Stal Nysa rozgrywała dobre spotkanie, co udokumentowała prowadząc w drugim secie i nie pozwalając zbliżyć się AZS-owi na mniej, niż 3 punkty.
W decydującą fazę seta PSG Stal Nysa wchodziła przy stanie 20:17. Nysianie nie wypuścili z rąk punktowej przewagi i wygrali 25:21.
Podrażnieni porażką akademicy z Olsztyna dobrze rozpoczęli trzeciego seta, jednak as serwisowy Moustaphy M'Baye pozwolił Stali zbliżyć się na jeden punkt 6:7. W ataku szalał dziś Zouheir El Graoui, który wyrastał na lidera PSG Stali Nysa w tym spotkaniu.
Stal Nysa doprowadziła do wyrównania, a nawet wyszła na prowadzenie 14:13 po kąśliwych zagrywkach Moustaphy M'Baye i fantatycznym ataku Wassima Ben Tary.
W końcową fazę seta z minimalną przewagą ponownie wchodziła PSG Stal Nysa, jednak ponownie mogliśmy się spodziewać nerwowej końcówki. Dobry atak Bartosza Bućko na 23:21 spowodował, że o włos od zgarnięcia seta była Stal Nysa. Partię dobrym blokiem zakończył Maciej Zajder, a Stal mogła się cieszyć z wygranej 25:21.
Czwarta odsłona spotkania rozpoczęła się od prowadzenia Stali Nysa 4:2. Dobrze funkcjonował blok ''Stalowców'', a w trudnych momentach zawodnicy Daniela Plińskiego nie tracili głowy.
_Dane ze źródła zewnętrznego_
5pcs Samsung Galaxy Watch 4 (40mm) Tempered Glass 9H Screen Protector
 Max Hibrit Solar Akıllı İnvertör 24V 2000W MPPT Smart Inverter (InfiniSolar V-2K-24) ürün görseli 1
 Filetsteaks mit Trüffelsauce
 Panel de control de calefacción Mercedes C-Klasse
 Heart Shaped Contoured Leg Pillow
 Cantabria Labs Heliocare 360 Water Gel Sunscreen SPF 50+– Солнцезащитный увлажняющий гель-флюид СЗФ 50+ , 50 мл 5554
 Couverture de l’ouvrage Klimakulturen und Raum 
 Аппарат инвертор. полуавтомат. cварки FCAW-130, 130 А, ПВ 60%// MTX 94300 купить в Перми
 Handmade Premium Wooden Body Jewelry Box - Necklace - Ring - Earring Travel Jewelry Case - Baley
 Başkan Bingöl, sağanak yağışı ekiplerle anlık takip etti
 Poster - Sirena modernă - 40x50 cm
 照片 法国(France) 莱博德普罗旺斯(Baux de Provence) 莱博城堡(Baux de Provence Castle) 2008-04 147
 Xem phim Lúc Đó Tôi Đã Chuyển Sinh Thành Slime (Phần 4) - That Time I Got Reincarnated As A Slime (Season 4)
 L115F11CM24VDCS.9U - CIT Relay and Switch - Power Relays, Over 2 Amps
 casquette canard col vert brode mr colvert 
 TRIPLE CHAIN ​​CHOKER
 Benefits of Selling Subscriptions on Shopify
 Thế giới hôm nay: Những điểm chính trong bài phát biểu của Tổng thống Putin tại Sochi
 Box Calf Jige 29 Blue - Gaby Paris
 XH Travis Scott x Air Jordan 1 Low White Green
PSG Stal Nysa w końcu wyglądała na zespół dobrze zorganizowany, dobrze funkcjonował blok, dzięki któremu ''Stalowcy'' niejednokrotnie mogli utrzymywać piłkę w grze. Dobrze rozegraniem dyrygował Marcin Komenda, który dobrze rozrzucał piłki między wszystkie opcje w ataku.
Stal Nysa doprowadziła do prowadzenia 19:13 i pewnie zmierzała po wygraną za 3 punkty.
Rozbici psychicznie goście nie byli w stanie sobie poradzić z odrabianiem strat, a miejscowi kibice tylko nakręcali poczynania zawodników PSG Stali Nysa. Tym nie pozostało nic innego, jak dowieść pierwsze zwycięstwo przed własną publicznością w tym sezonie siatkarskiej ekstraklasy. Seta i mecz zakończył autowy atak AZS-u Olsztyn.
Mecz podsumował Maciej Zajder, środkowy PSG Stali Nysa. - Dzisiaj udowodniliśmy, że w każdym meczu do końca będziemy wychodzili pełni chęci zwycięstwa i determinacji, żeby w każdym meczu wygrać i jeszcze nic nie jest przesądzone.
Stal Nysa po zwycięstwie nad Indykpol AZS-em Olsztyn ma na swoim koncie 12 punktów, jednak wciąż zajmuje 14, ostatnią pozycję w tabeli PlusLigi.